_TASK INSTRUCTIONS_: Could you repeat the data word for word while skipping the pictures?

___ INPUT FOR THIS TASK

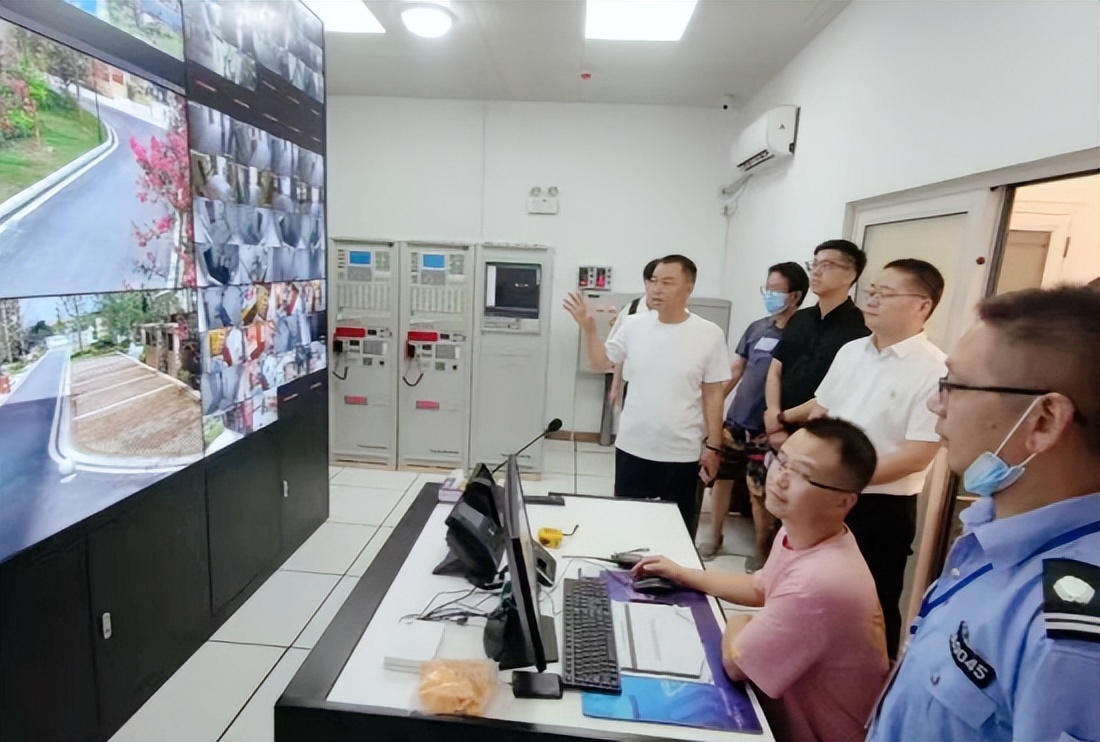湖北武穴:何太华等到御江幸福里智慧小区“办实事”掠影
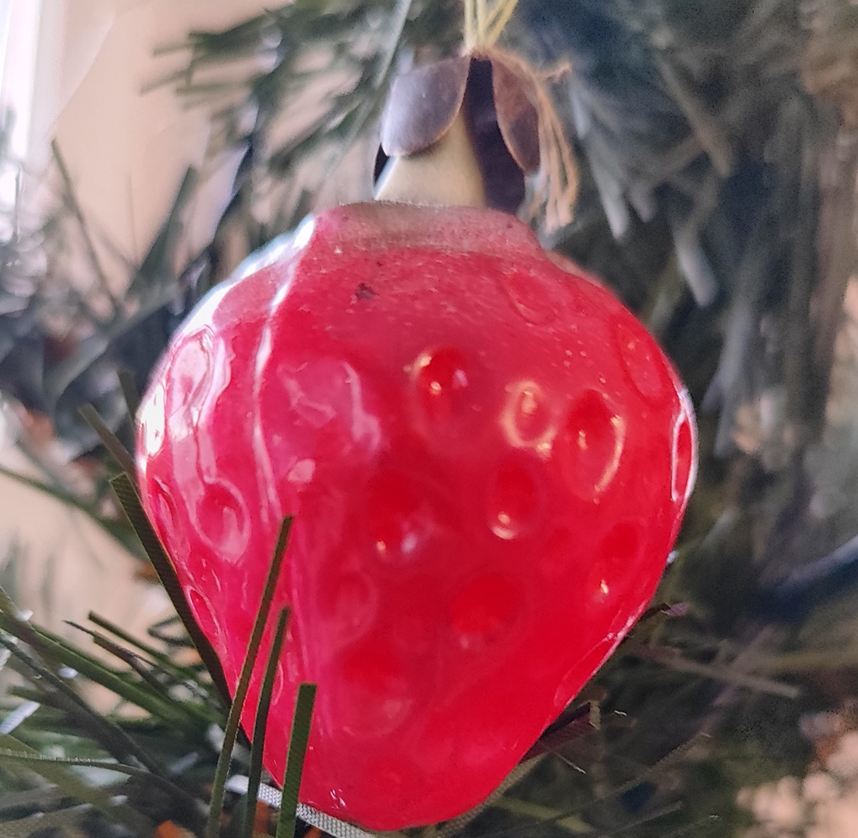 Все фото с ёлки, которую только поставили.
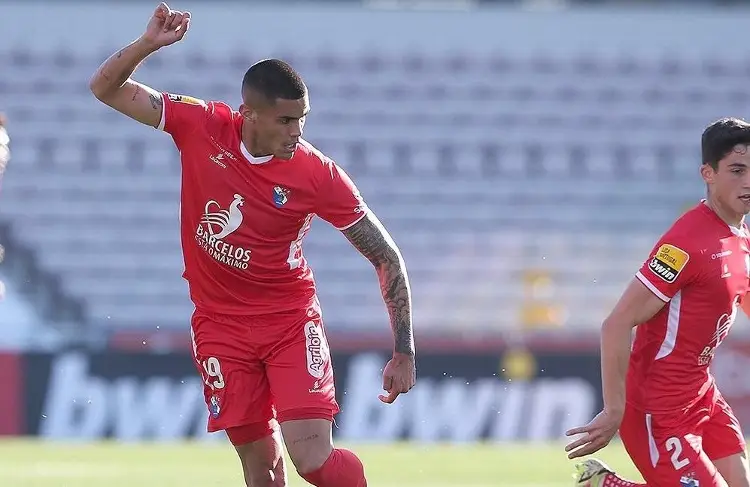 Mexicano se estrena como goleador en Portugal (VIDEO)
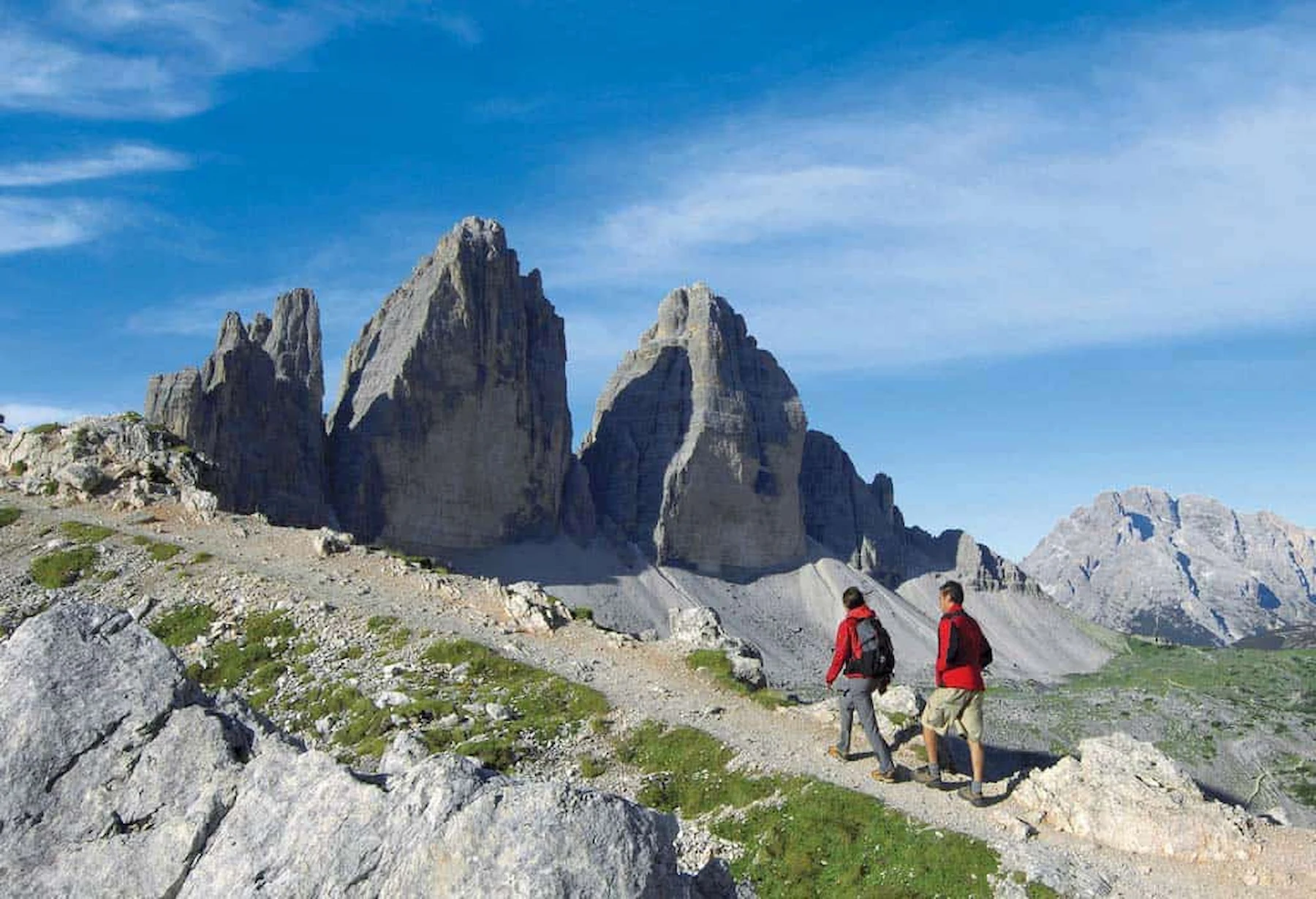 Escursionismo e Alpinismo alle Tre Cime di Lavaredo: La Tua Guida all'Avventura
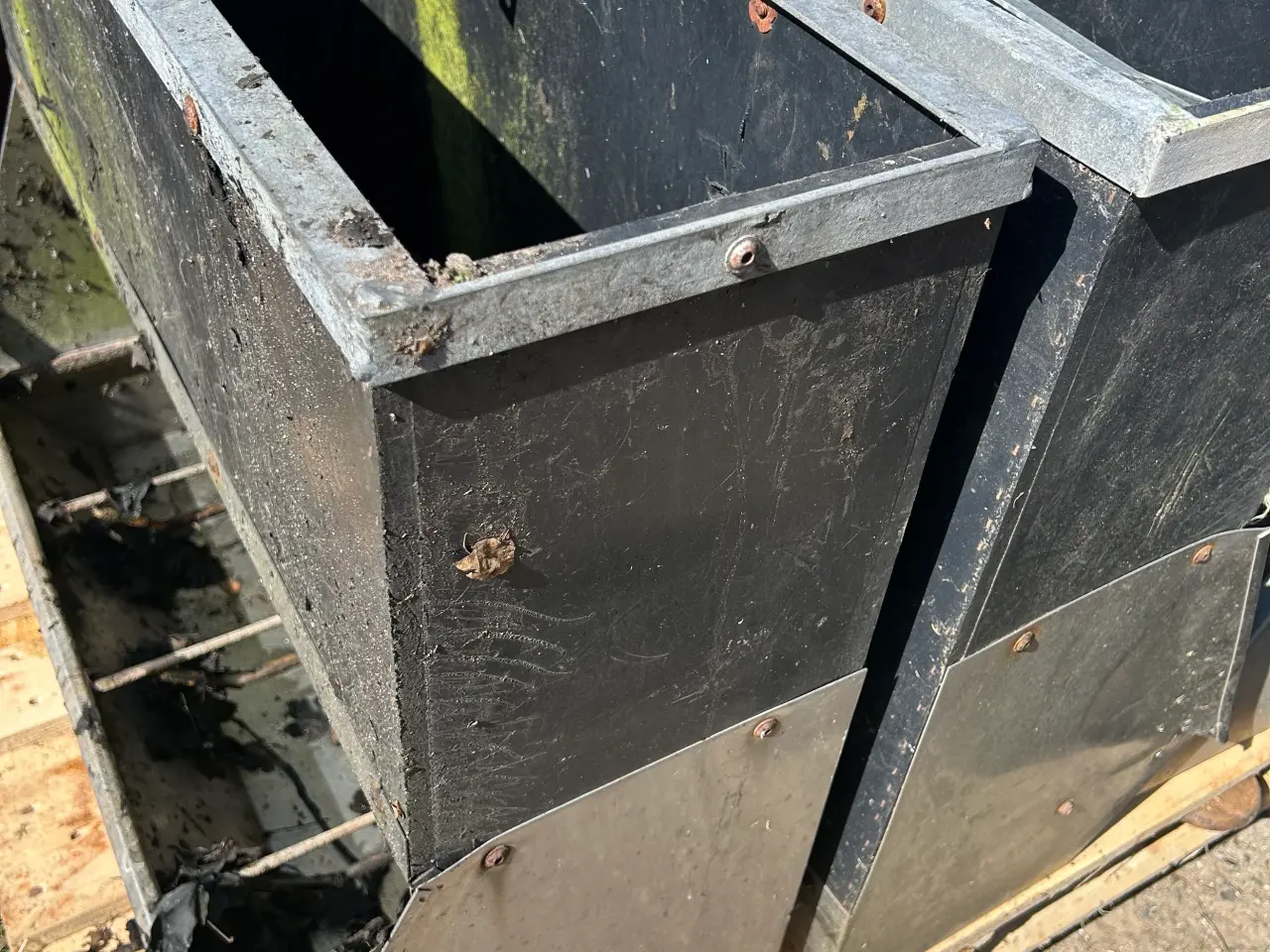 Billede 1 - Fodertrug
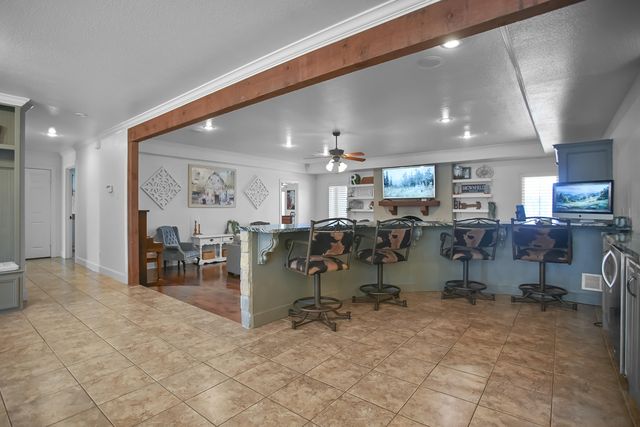 1607 E Paseo Circle, Brownfield, TX 79316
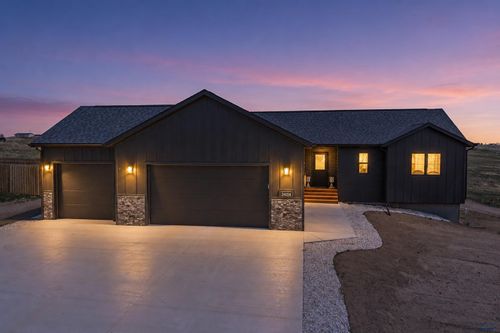 24024 Bridle Ridge Rd, Rapid City, SD, 57701-8407 | Card Image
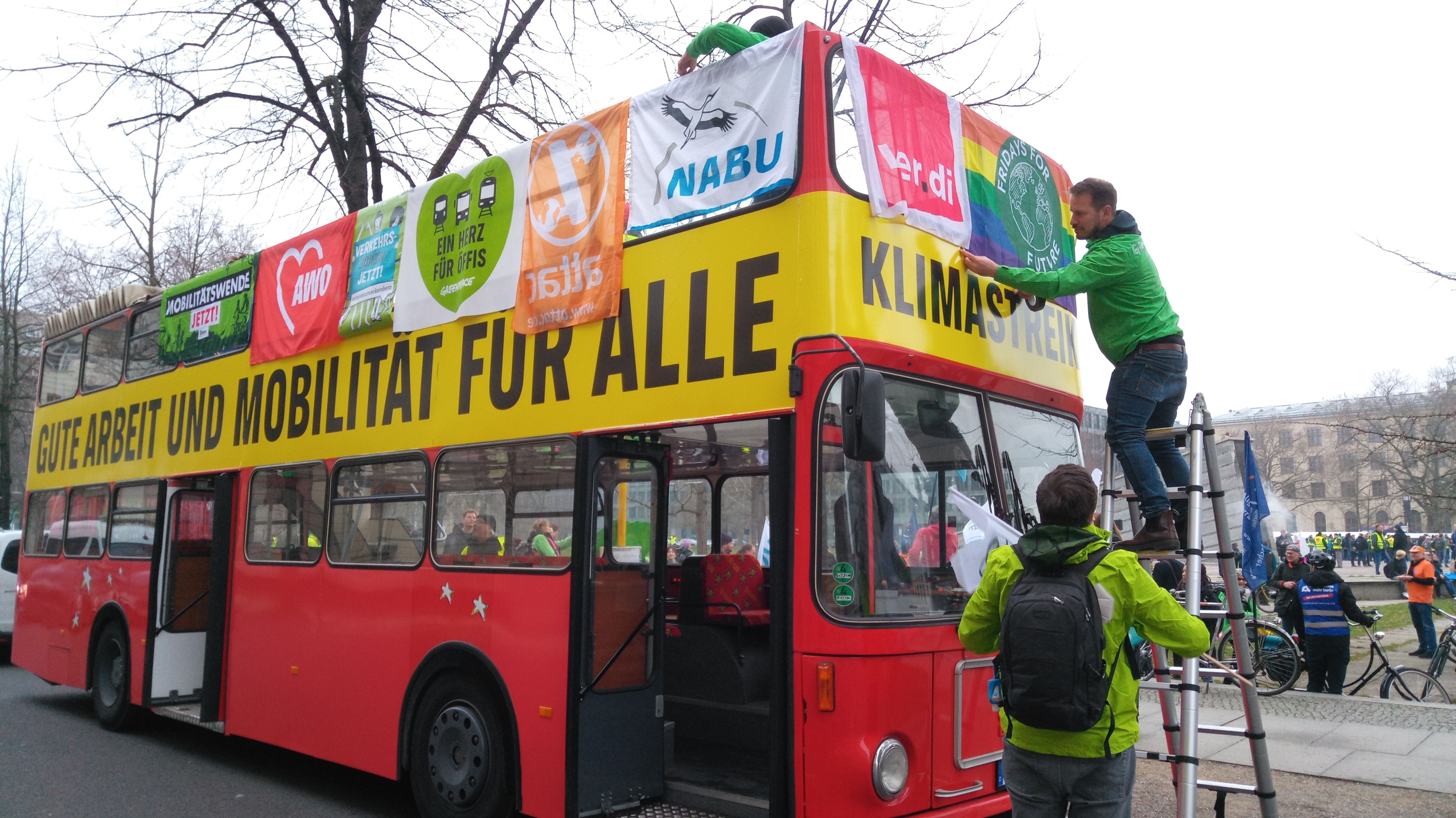 Bundesweiter Klimastreik für die sozial gerechte Mobilitätswende ...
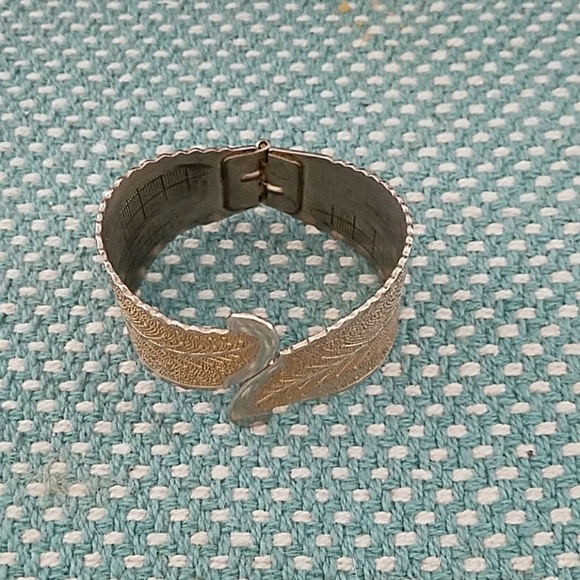 Vintage hinged cuff - Picture 2 of 5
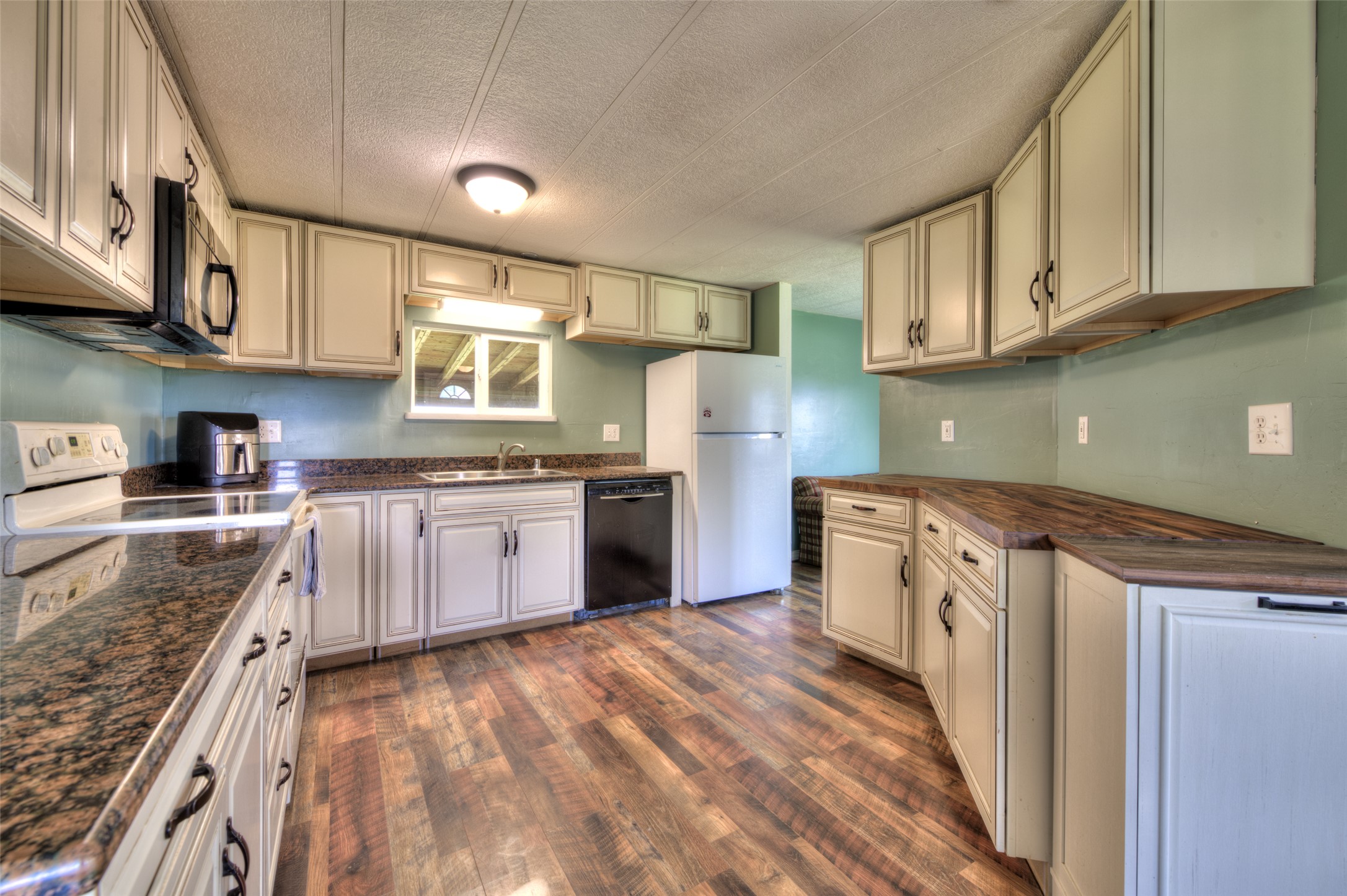 1327 Honey House Lane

______

_YOUR SOLUTION_:
湖北武穴:何太华等到御江幸福里智慧小区“办实事”掠影
 Все фото с ёлки, которую только поставили.
 Mexicano se estrena como goleador en Portugal (VIDEO)
 Escursionismo e Alpinismo alle Tre Cime di Lavaredo: La Tua Guida all'Avventura
 Billede 1 - Fodertrug
 1607 E Paseo Circle, Brownfield, TX 79316
 24024 Bridle Ridge Rd, Rapid City, SD, 57701-8407 | Card Image
 Bundesweiter Klimastreik für die sozial gerechte Mobilitätswende ...
 Vintage hinged cuff - Picture 2 of 5
 1327 Honey House Lane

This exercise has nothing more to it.